There is no such thing yet as a general machine - a robot for example that can 
navigate "blind" *any* terrain within a broad band  - and not just, as present, 
one terrain that has been carefully preplotted for it and that it is totally 
familiar with.

Or a robot that can *handle* any object "blind". Produce a robot that can do 
that and you have the beginnings of an AGI and we can move on from there. That, 
very crudely, in principle, is how evolution did it  That is how all 
technological evolution proceeds.

"Uploading" is neither a practical problem nor an AGI problem - it is a fantasy 
problem for the extraordinarily distant future, and superwoolly

And your entire debate about the relevance of maths for AGI is fantasy through 
and through. Get practical.

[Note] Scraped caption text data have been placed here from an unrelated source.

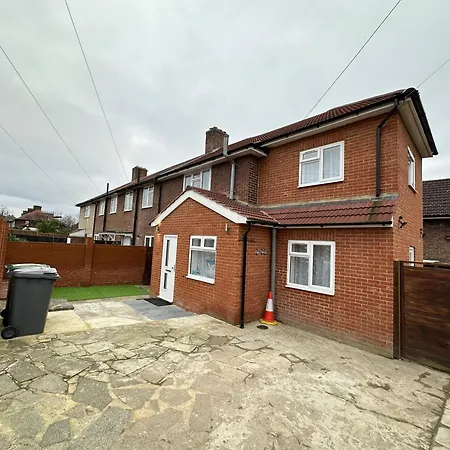 Cosy Smart/small Double In Keedonwood Road Guest house *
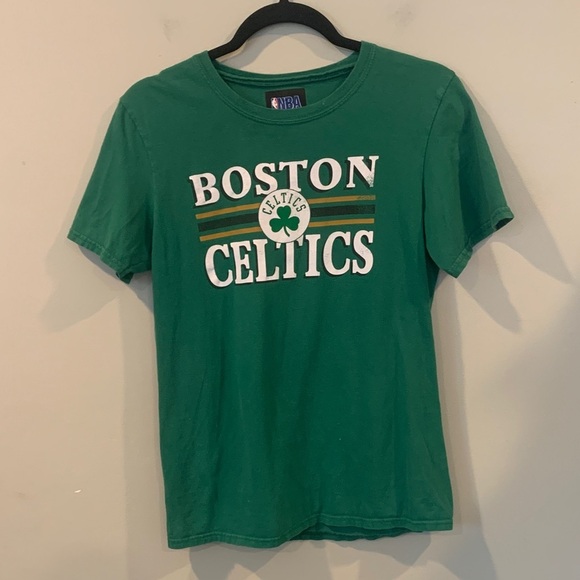 NBA Boston Celtics Green Short Sleeve T-Shirt Women’s Small - Picture 1 of 6
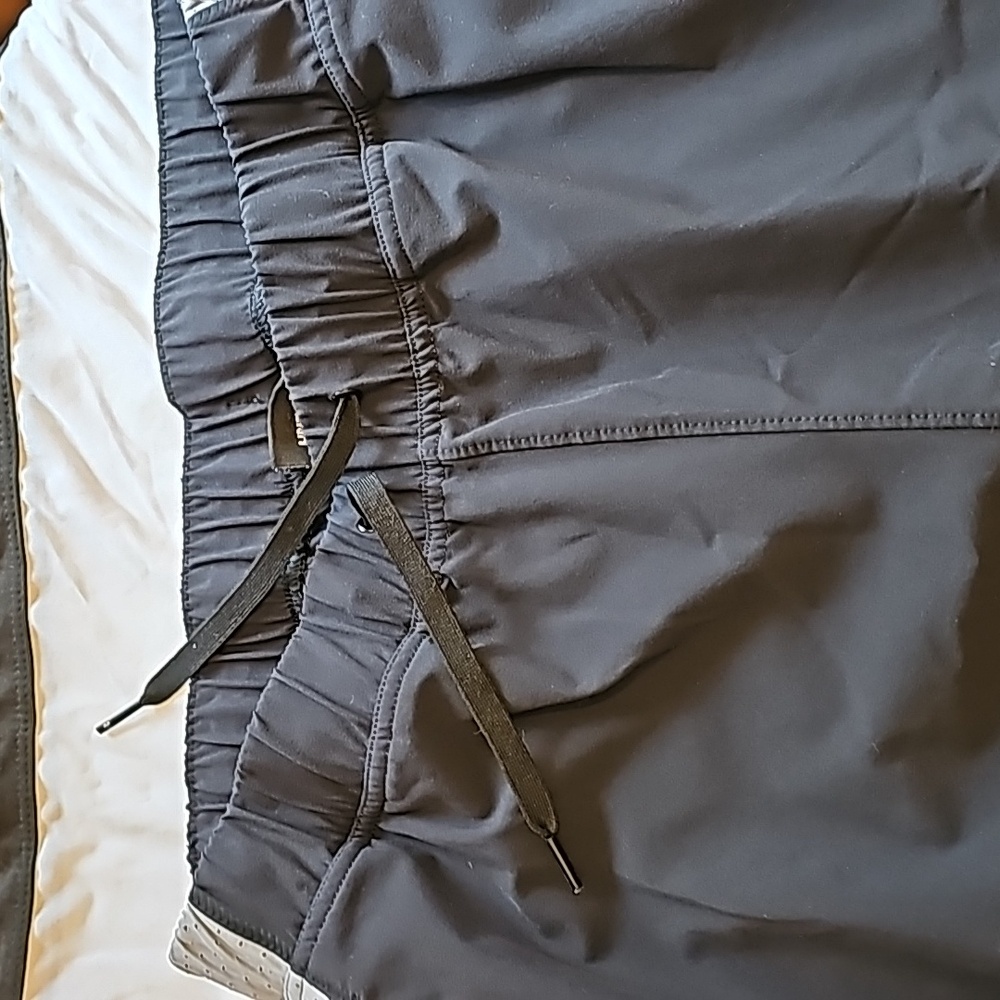Under Armor track pant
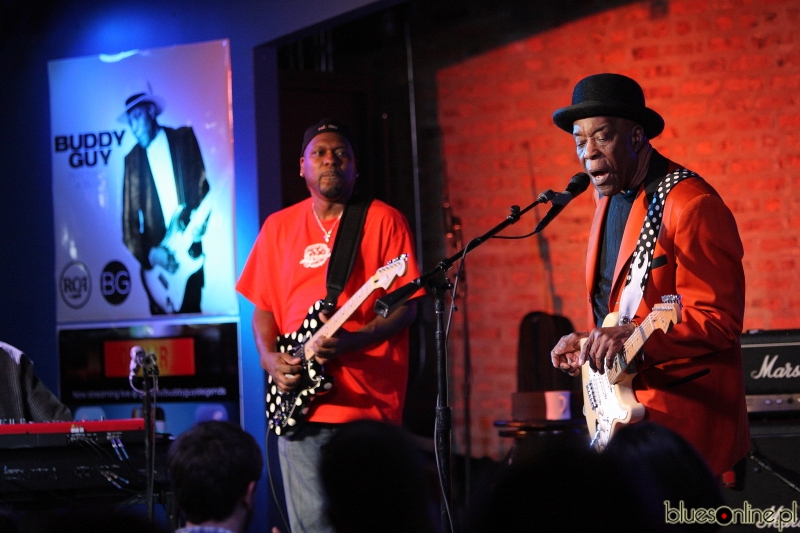 Buddy Guy with his son at Buddy Guy’s Legends january, 24th, 2014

Start with the end-problems.

AGI investors will quite rightly want to know what your machine can *do*, not 
what maths it uses.Serious invention (as distinct from pure fantasy 
discussions) begins from the practical end-problems/tasks a machine has to be 
designed for. 

From: Steve Richfield 
Sent: Thursday, July 12, 2012 5:44 AM
To: AGI 
Subject: Re: [agi] Analog Computation


Mike,


On Wed, Jul 11, 2012 at 6:01 PM, Mike Tintner <[email protected]> wrote:

  It's weak AGI, Steve. You have to start somewhere, and you have to start 
simple.

My point was that while a tractor may be interesting, it is not on the way to 
building a supercomputer. 

  A robot that can navigate any terrain of a given kind is a general machine - 
something that doesn't exist.

It's called a farm tractor. Once you put them in gear, they can crawl over 
almost anything.

  An extraordinary breakthrough.

  Now here's a simple bet for you - you can't give me a single practical 
example of what the AGI you are talking about will do.

Uploading/downloading may be worth MORE than the combined wealth of the entire 
earth!!! How? because people would borrow on their futures to be "alive" to 
have a future. 

  You're talking about this-and-that maths, but you haven't got a clue about 
any practical problems - demonstrably AGI problems - that your maths would 
apply to. 

There are some challenges with the concept of "practical". Our world already 
has enough good machines for us all to live a good life. Beyond that, you are 
looking more at "valuable" than "practical", where the measure is whatever 
people will pay money for, regardless of what the item does. Here, 
uploading/downloading is clearly the really BIG winner.

Given the financial success of cryonics, you don't have to actually have it 
working for it to be valuable - just have an apparently clear development path.